■ **EXERCISE PROMPT**: Under this line are the records; repeat exactly the lines starting at the one containing "By default, a" and ending at the one containing "All these compounds", omitting pictures.

■ **TASK INPUT**:
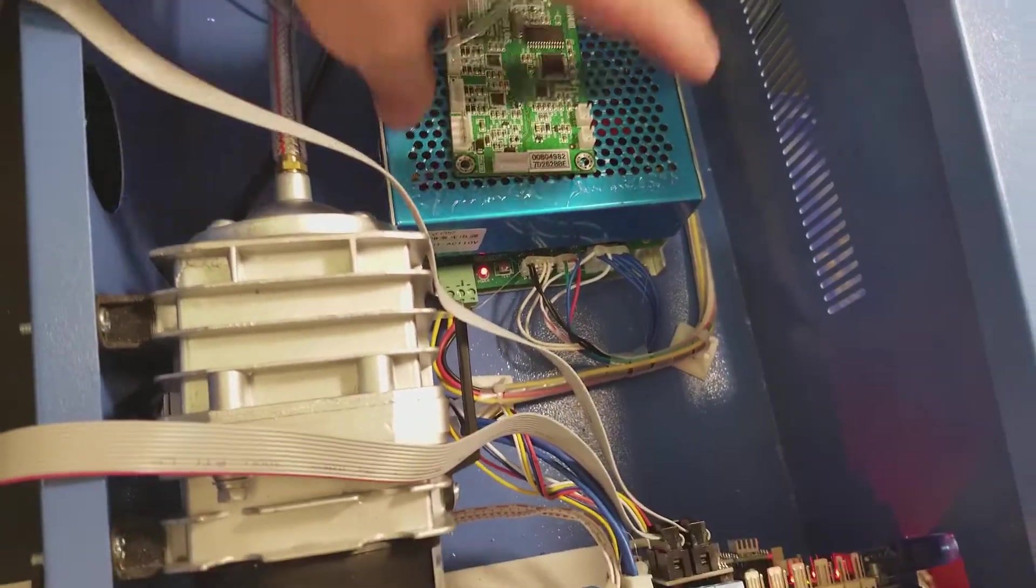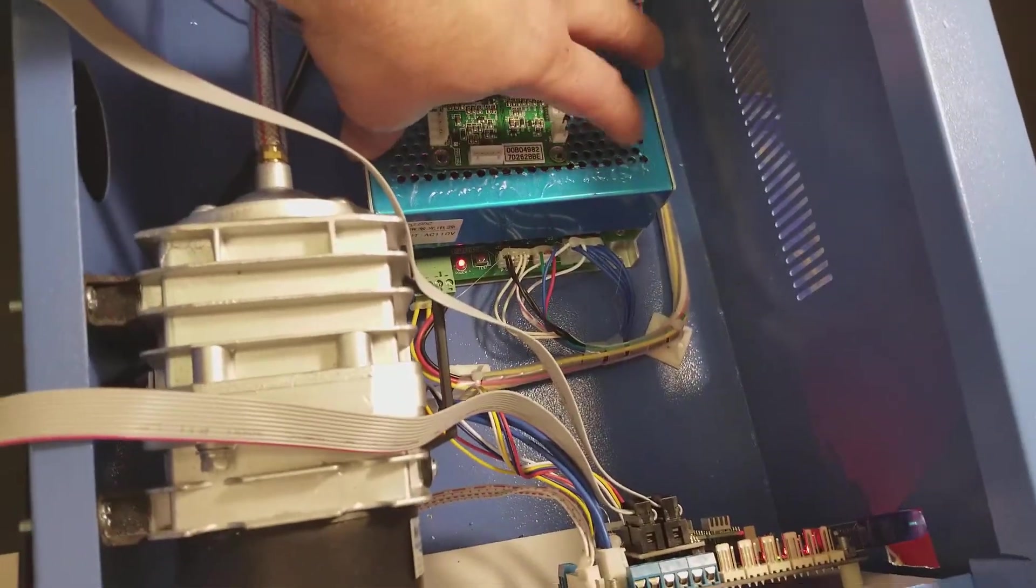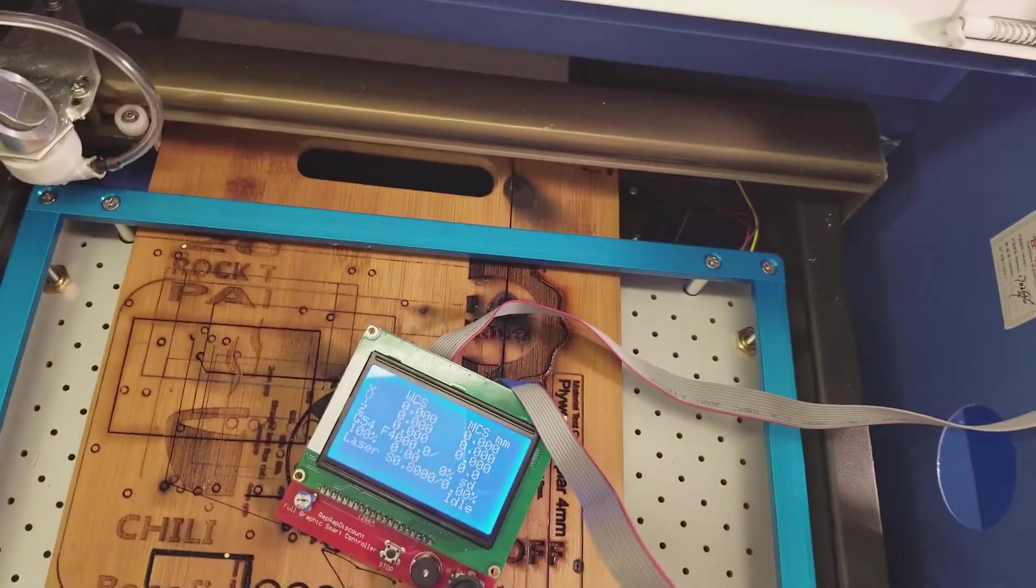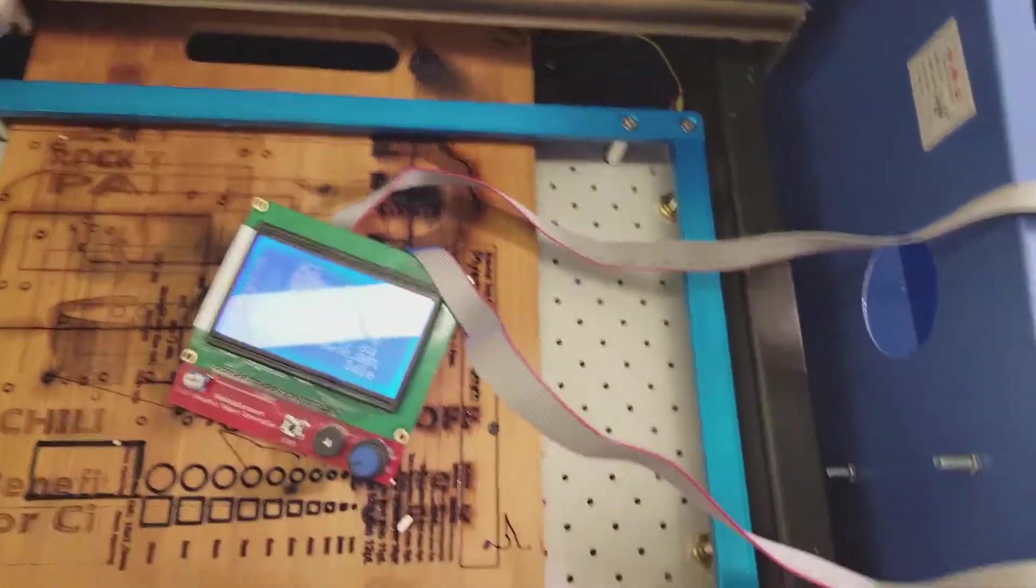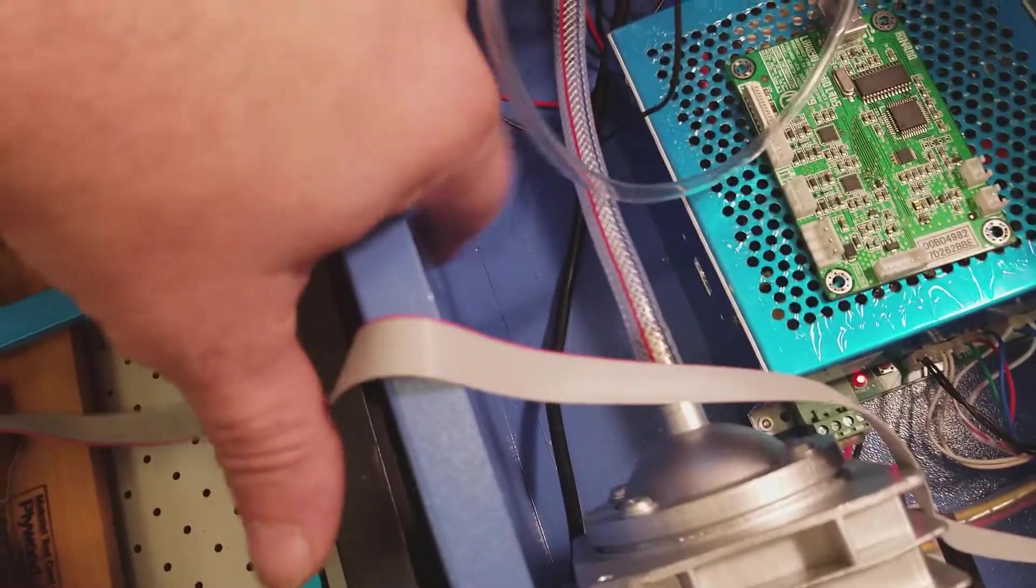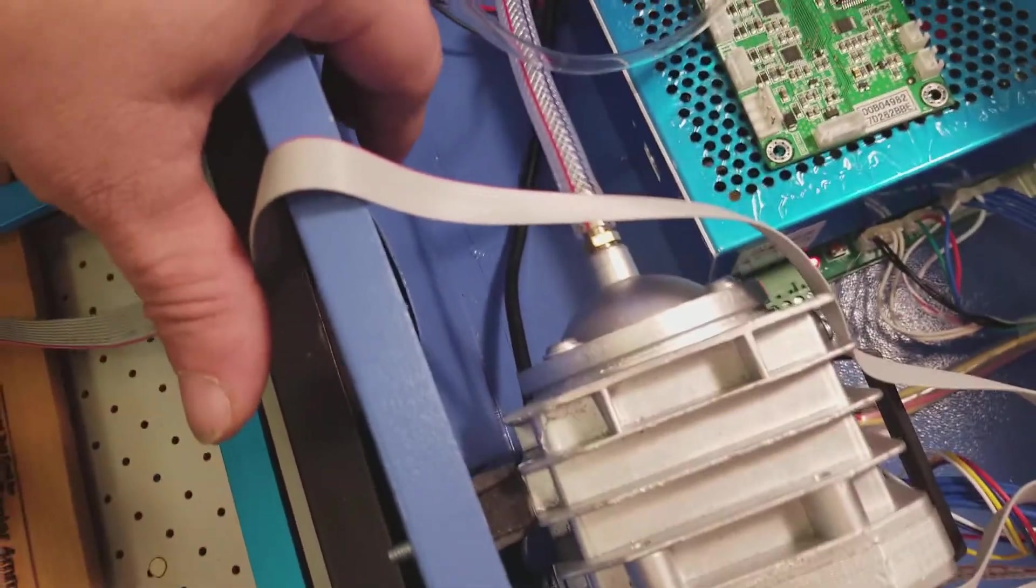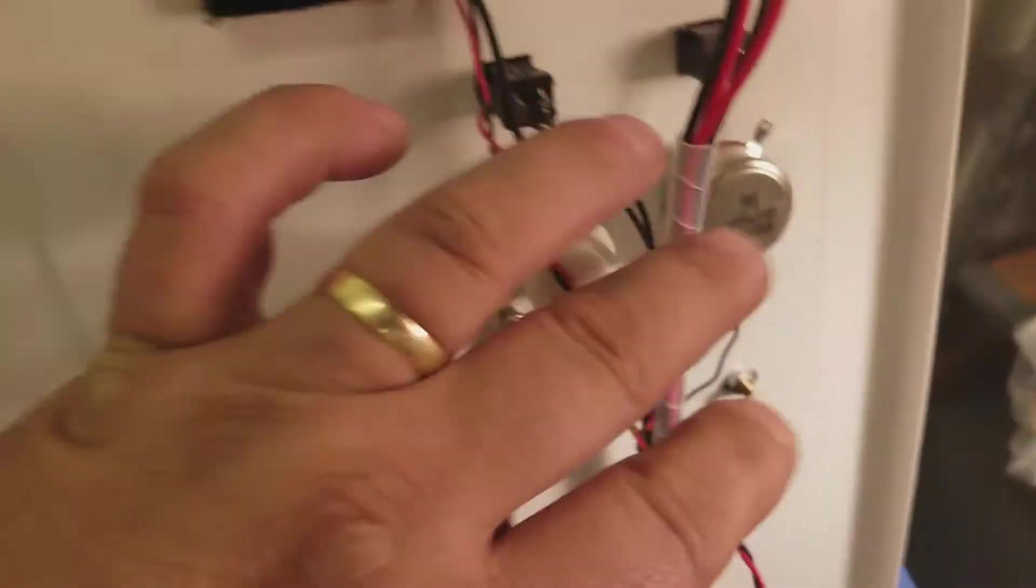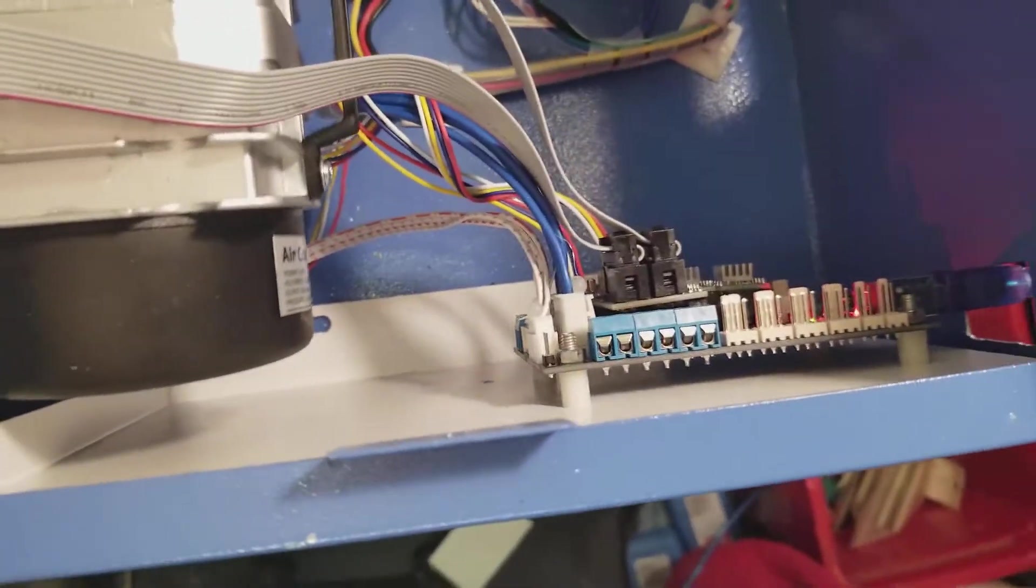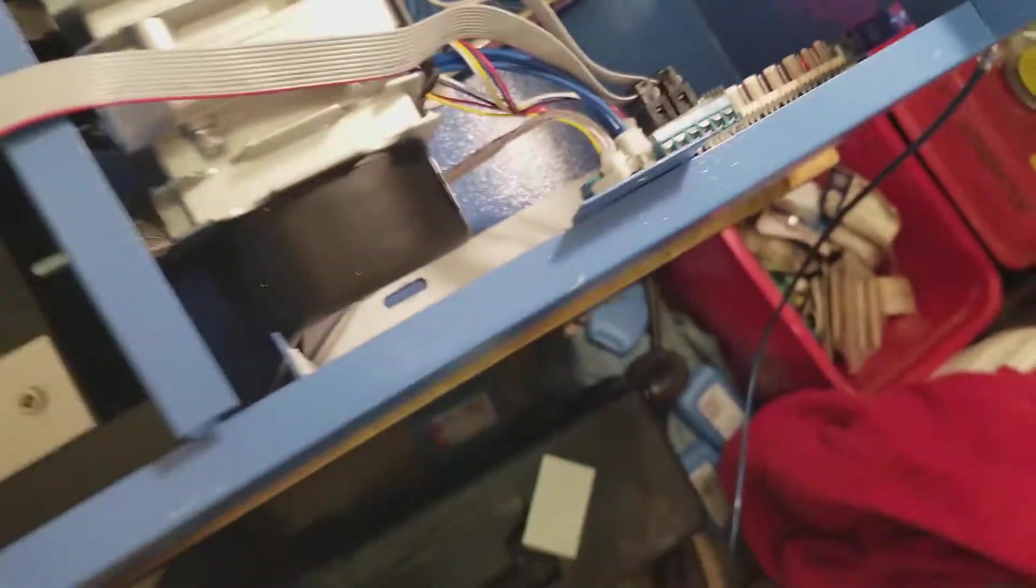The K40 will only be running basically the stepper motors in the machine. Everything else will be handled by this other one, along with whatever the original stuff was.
==
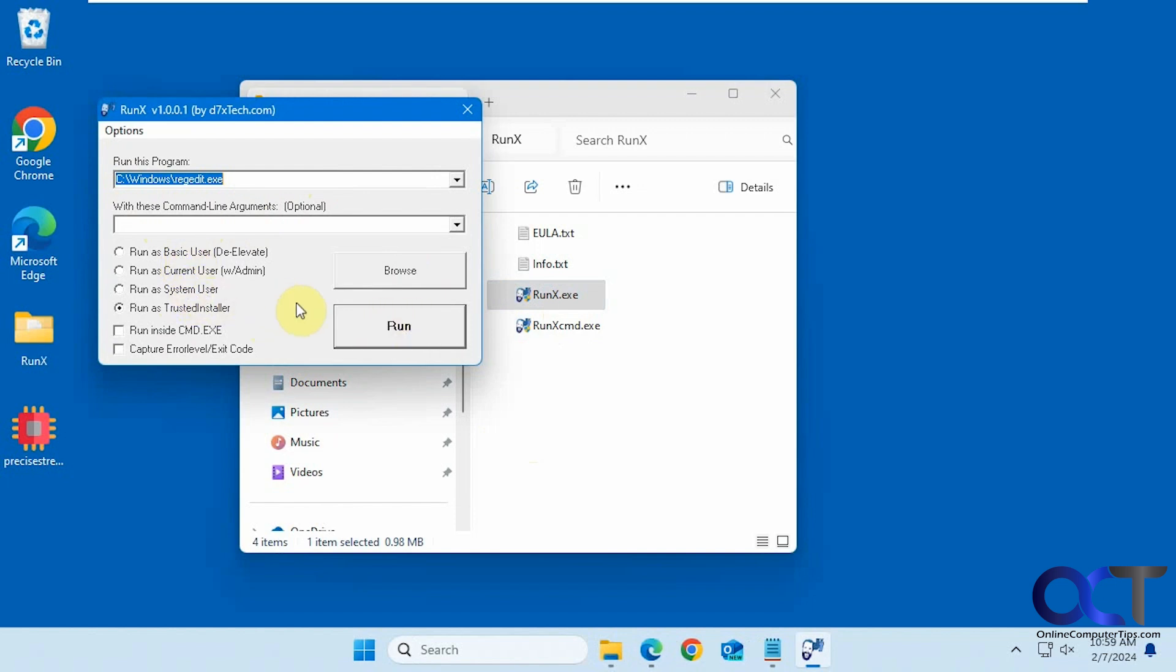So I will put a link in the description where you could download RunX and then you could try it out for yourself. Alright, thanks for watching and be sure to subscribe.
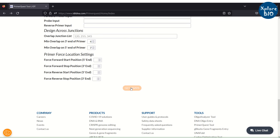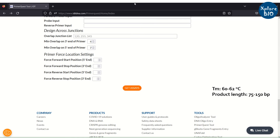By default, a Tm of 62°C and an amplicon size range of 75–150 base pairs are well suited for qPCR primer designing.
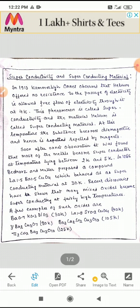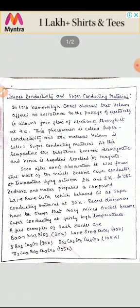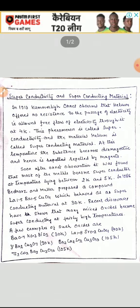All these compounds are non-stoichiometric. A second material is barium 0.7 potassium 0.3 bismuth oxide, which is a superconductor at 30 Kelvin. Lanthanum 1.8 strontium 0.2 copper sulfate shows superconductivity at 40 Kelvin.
---
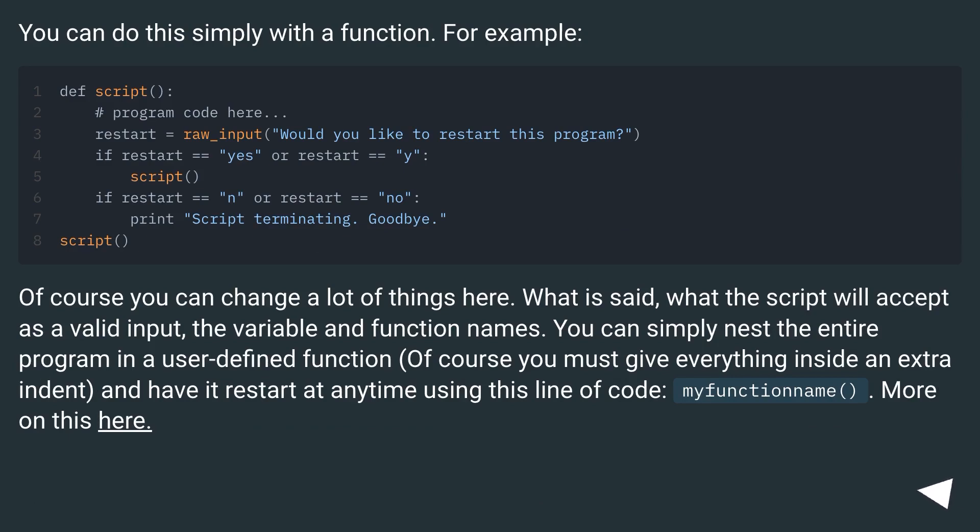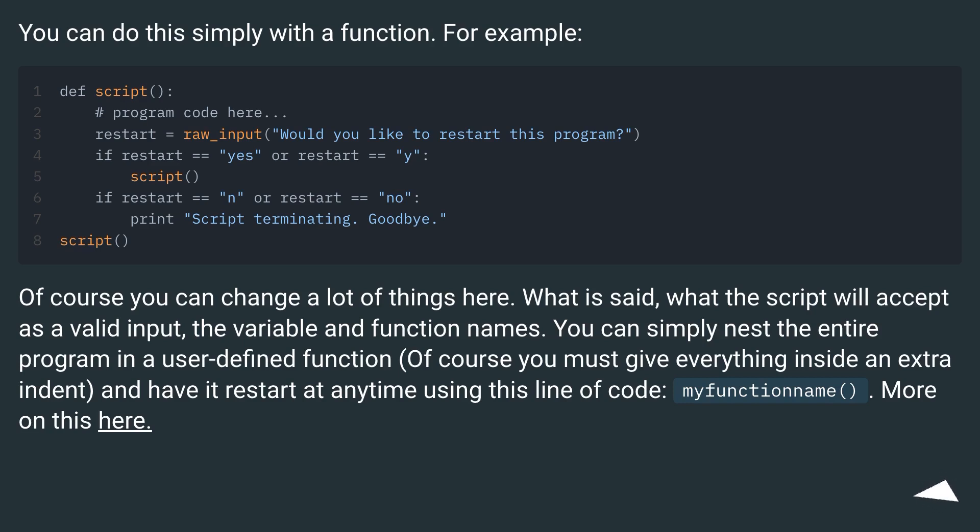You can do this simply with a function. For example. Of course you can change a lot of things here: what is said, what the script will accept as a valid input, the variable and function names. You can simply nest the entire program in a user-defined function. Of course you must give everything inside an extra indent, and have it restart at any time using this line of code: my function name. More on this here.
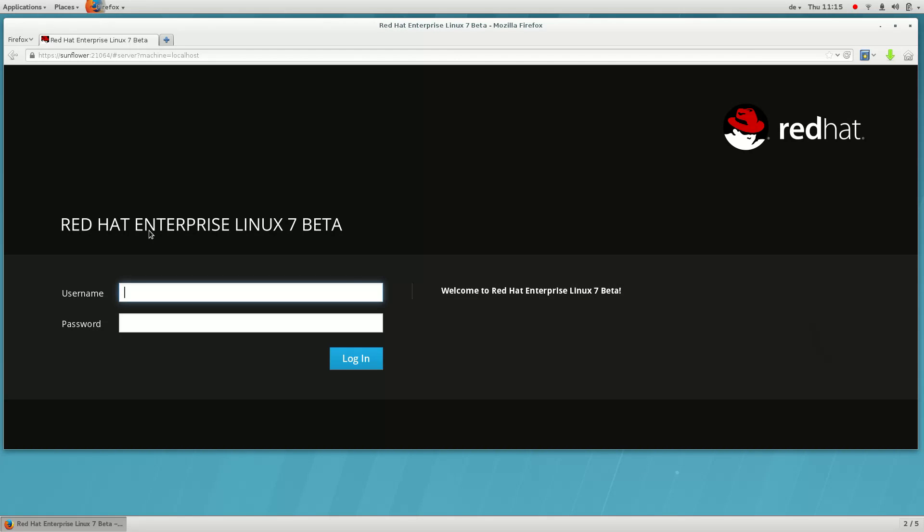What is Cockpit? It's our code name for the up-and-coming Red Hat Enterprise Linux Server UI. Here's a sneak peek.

■ **ANSWER BOX**:
By default, a Tm of 62°C and an amplicon size range of 75–150 base pairs are well suited for qPCR primer designing.
All these compounds are non-stoichiometric. A second material is barium 0.7 potassium 0.3 bismuth oxide, which is a superconductor at 30 Kelvin. Lanthanum 1.8 strontium 0.2 copper sulfate shows superconductivity at 40 Kelvin.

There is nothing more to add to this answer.